Where to watch: Hulu, Amazon Prime, YouTube rental


New York 77 the Coolest Year in Hell, 2007

This was a big year for New York for a variety of reasons from an economic downturn, to a massive city blackout, and a series killer on the loose. It was also the year South Bronx embraced hip hop, Lower East side embraced thrashing guitar punk at CBGB, and disco was still in full swing. The film features interviews with music legends like Afrika Bambaataa, Chris Stein (Blondie), Grandmaster Caz, DJ Disco Wiz, and many more.

Where to watch: free on YouTube


ReMastered: Who Shot the Sheriff, A Bob Marley Story, 2018

The violent political suppression of the roots reggae movement in Jamaica told through an investigation into Jamaican politics and the CIA’s involvement in the mysterious shooting of Bob Marley.

Where to watch: Netflix


Searching for Sugar Man, 2012

An amazing story of an artist no one knew about called Rodriguez, who lived a humble, subtle life not knowing that he had a near cult following in South Africa. Rodriguez is eventually found well and alive by two fans who then proceed to untangle the story of his life and lack of attribution.

Where to watch: Netflix (US), YouTube rental, Google Play rental, Amazon rental


Scratch, 2001

This doc is all about turntablism, looking at the history from the South Bronx in the 1970 to San Francisco today (aka at the time filmed). A wealth of DJs and industry experts pitch into the story, reflecting on how they got into scratching and how it all begun. Among the many featured performers are Afrika Bambaataa, DJ Shadow, Cut Chemist, DJ Babu, Jazzy Jay, Grandmaster Flash, Madlib, and many, many more.

Where to watch: free on YouTube


Shut Up and Play the Hits, 2012

Documentary about the LCD Soundsystem’s last ever show at Madison Square Gardens. To quote IMDb, this film is “an intimate portrait of James Murphy as he navigates the lead-up to the show, the day after, and the personal and professional ramifications of his decision.”

Where to watch: Hulu, YouTube rental, Google Play rental


Rebel Music, MTV Series, 2013 –

A series of stories about Younge artists using music and art to ignite revolutionary actions around the world. Each episode focuses on an artists within a country, facing oppression, injustices, crime and other socio-political issues that fuel their creativity.  The stories featured are from indigenous people in Canada, Egypt, Mali, Israel/Palestine, Afghanistan, Mexico, and India.

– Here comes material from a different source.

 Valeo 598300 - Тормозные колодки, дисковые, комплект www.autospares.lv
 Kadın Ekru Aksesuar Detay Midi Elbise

Where to watch: Some full episodes are available free on YouTube


27 Gone Too Soon, 2017

Documentary that investigates the deaths of musical celebrities all of whom died at the age of 27. Throughout the film audiences get to see unseen footage and interviews with medical professionals, critics, and other insiders from the lives of Brian Jones, Jimi Hendrix, Janis Joplin, Jim Morrison, and Kurt Cobain.